The flight lasted 108 minutes, the maximum height was 327 kilometers. He was driving an automatic. In the 14th minute, Gagarin felt weightlessness and his pencil “floated”, which he used to make notes about how he felt. That’s how he dictated his feelings and impressions. From the notes, the line is often mentioned: “It’s really blue!” He had a snack towards the end of the flight.

During the descent, the instrument section should have separated, but it remained hanging by the cable, which spun the cabin. After ten minutes of violent spinning, Gagarin began to pass out. Fortunately, the cable burned through in the atmosphere and the rotation stopped. But the cabin deviated from the calculated impact path, and it and Gagarin on the parachute descended to the ground near the village of Smelovka, hundreds of kilometers away from the expected impact.

Photo: Profimedia.cz

Daughters Galina and Jelena did not enjoy their father much, even though after returning from space the family was often part of promotional campaigns together, picture from 1962 Photo: Profimedia.cz

Gagarin, alcohol and women

An ordinary airman quickly became a global celebrity. He was promoted to major, received the highest decoration and began to travel the world, as an advertisement for the success of Soviet cosmonautics – he was such a valuable commodity for propaganda that he was feared and forbidden to fly. It bothered him that he just “waves and talks”, started drinking more than before and was very feminine. He allegedly drank hundreds of liters of vodka and had hundreds of women. Some mainly wanted a child with the hero, and it is said that he did not refuse such requests either. During one of his flings, his wife almost caught him, so he jumped off a second-floor balcony and took a tumble that ended up in the hospital for a month.

How Yuri Gagarin died

He didn’t want to be just a puppet, and he wanted not just back to the plane, but back to space. He achieved the first on March 13, 1968, when he began training flights. The morning of March 27, 1968 was fateful for him. It was the last flight with an instructor, he was supposed to fly alone on a training course in the afternoon MiG-15UTI produced in Aeru Vodochody. Unfortunately, it ended tragically and the reason is not really clear to this day – conspiracy theories say that they needed to get rid of him because of his ever-deteriorating reputation.

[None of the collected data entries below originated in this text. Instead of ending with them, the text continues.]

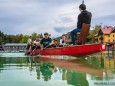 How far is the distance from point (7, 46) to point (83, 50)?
99326mm

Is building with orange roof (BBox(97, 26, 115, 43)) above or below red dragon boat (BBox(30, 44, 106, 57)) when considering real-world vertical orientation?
above

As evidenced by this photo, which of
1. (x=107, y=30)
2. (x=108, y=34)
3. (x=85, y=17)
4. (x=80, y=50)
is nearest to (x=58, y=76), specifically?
(x=80, y=50)

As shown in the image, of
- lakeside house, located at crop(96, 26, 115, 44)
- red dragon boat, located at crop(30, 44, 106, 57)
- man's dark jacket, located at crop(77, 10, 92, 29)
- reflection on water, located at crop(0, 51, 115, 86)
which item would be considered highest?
lakeside house, located at crop(96, 26, 115, 44)

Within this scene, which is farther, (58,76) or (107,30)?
(107,30)

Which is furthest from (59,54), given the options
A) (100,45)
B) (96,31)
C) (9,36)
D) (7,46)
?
(9,36)

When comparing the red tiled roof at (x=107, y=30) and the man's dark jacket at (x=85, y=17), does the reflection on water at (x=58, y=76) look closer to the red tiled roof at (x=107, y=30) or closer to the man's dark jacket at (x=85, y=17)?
the man's dark jacket at (x=85, y=17)

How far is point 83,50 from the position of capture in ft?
40.7

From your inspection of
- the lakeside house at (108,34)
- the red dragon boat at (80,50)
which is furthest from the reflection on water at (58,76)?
the lakeside house at (108,34)

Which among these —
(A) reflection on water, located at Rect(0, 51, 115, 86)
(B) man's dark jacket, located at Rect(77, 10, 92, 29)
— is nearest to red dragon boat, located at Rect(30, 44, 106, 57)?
(B) man's dark jacket, located at Rect(77, 10, 92, 29)

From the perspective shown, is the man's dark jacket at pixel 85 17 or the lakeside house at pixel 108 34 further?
the lakeside house at pixel 108 34

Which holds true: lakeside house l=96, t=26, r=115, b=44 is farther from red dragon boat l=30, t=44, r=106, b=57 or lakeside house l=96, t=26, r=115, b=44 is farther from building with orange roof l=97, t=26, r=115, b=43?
red dragon boat l=30, t=44, r=106, b=57

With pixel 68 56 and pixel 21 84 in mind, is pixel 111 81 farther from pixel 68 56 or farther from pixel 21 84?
pixel 68 56

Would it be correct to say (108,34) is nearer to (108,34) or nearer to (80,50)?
(108,34)

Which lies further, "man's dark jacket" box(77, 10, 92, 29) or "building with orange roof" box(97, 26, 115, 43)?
"building with orange roof" box(97, 26, 115, 43) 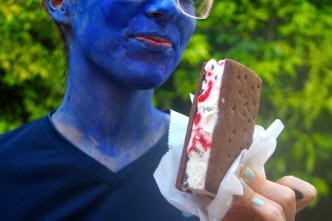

In any case, the investigating commission did not find the cause of the accident, it was a failure of the pilot or instruments, a collision with a weather balloon or another plane. It was a big shock, Gagarin was identified only by his watch, a piece of his jaw and the pattern of his uniform. He was buried on March 30, 1968 with all the glory at the Kremlin wall cemetery in Moscow among the most important representatives of the Soviet Union.